Kirilov proclame sa volonté suicidaire comme le seul acte libre face à la impitoyable loi de la mort
domingo, abril 12, 2015
«Le véritable héros des Démons, ce n’est pas Verkhovensky, ce n’est pas Stavroguine, c’est le grand,
l’énigmatique « stylite » Kirilov.
Cet homme qui bégaie, qui semble s’arracher les mots de la gorge,
qui ne fait rien et ne veut rien faire
— c’est lui qui est l’âme de ce roman.
L’épisode de Kirilov peut être considéré comme un des chefs-d’œuvre de la littérature universelle par la puissance avec laquelle y transparaît ce qu’on nomme l’ « inexprimable ».
Kirilov « proclame sa propre volonté » !
Mais c’est en cela justement que consiste depuis les temps les plus anciens l’œuvre des stylites, des ascètes : proclamer sa volonté et, au milieu des humains qui se démènent et se démènent légalement, car seuls les morts ne se démènent pas dans la grotte — s’arrêter et se poser enfin la question : est-ce que vraiment notre univers humain, cet univers auquel la raison a dicté ses lois, cet univers qu’a construit l’expérience collective, cet univers est-il le seul possible, et la raison et ses lois sont-elles toutes puissantes ? On ne pourrait faire qu’un reproche à Dostoïevsky : Kirilov finit par se suicider.

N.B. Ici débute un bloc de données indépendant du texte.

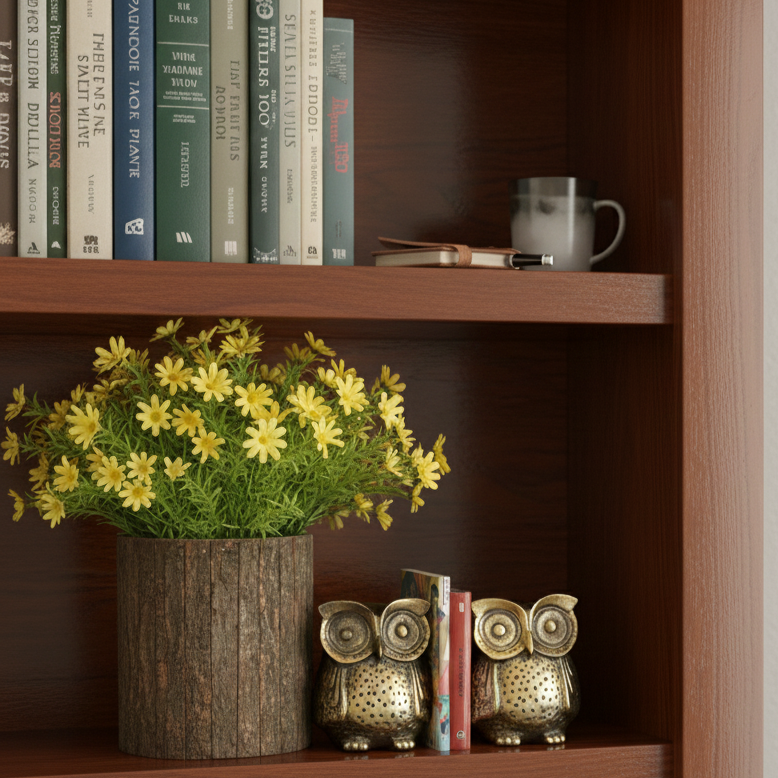 Rustic Metal Owl Bookend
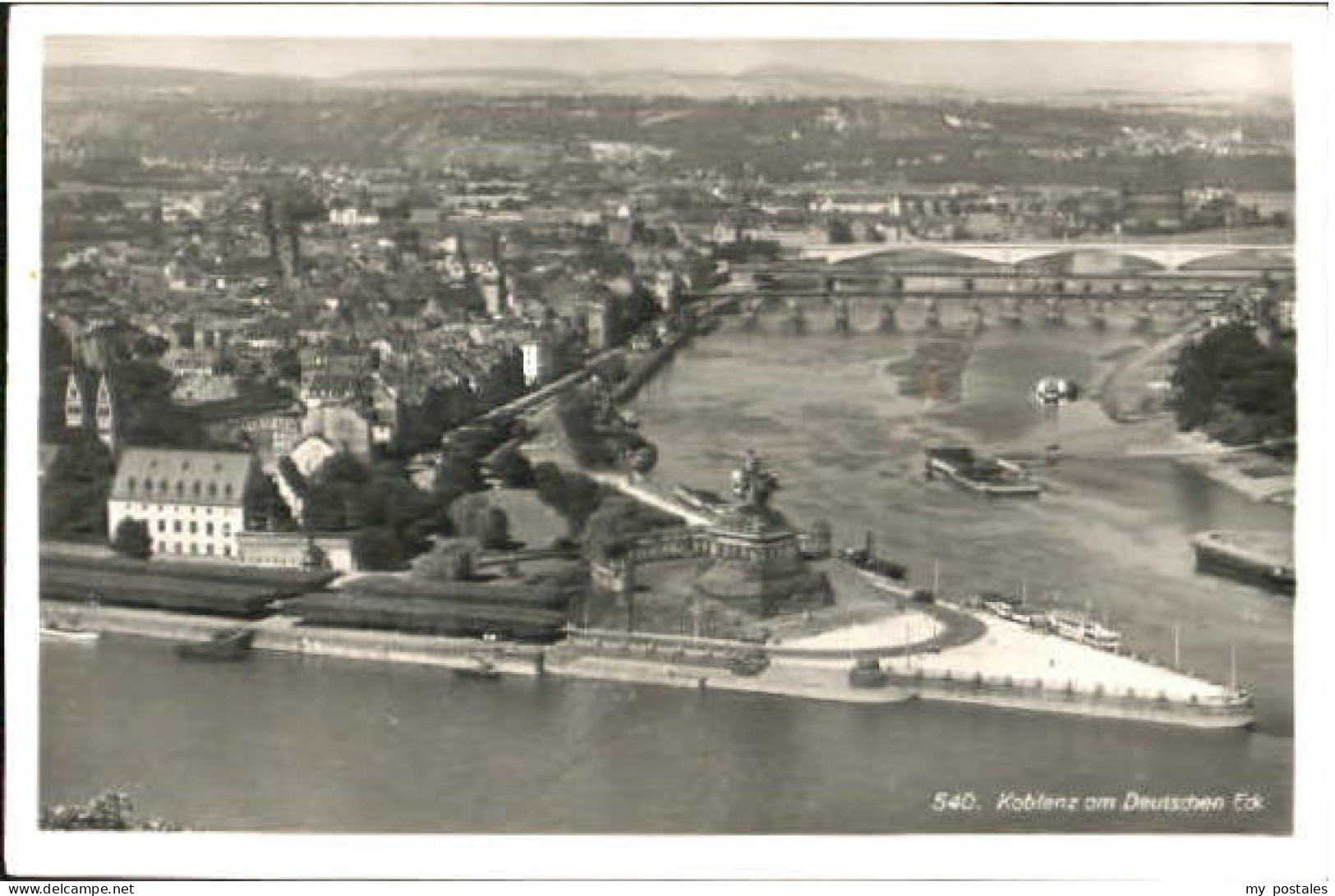 Koblenz Rhein Koblenz  ungelaufen ca. 1955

C’est une erreur : les stylites, les ascètes n’ont pas besoin du suicide.
Ils ont d’autres moyens de proclamer leur liberté. Mais il semble que cette erreur soit volontaire, que Dostoïevsky ait fait sciemment agir Kirilov autrement qu’il aurait dû. Si Dostoïevsky n’avait pas imaginé cette fin, il aurait été obligé d’ajouter une note pareille à celle qui précède la Voix souterraine.»
Léon CHESTOV · Les révélations de la mort.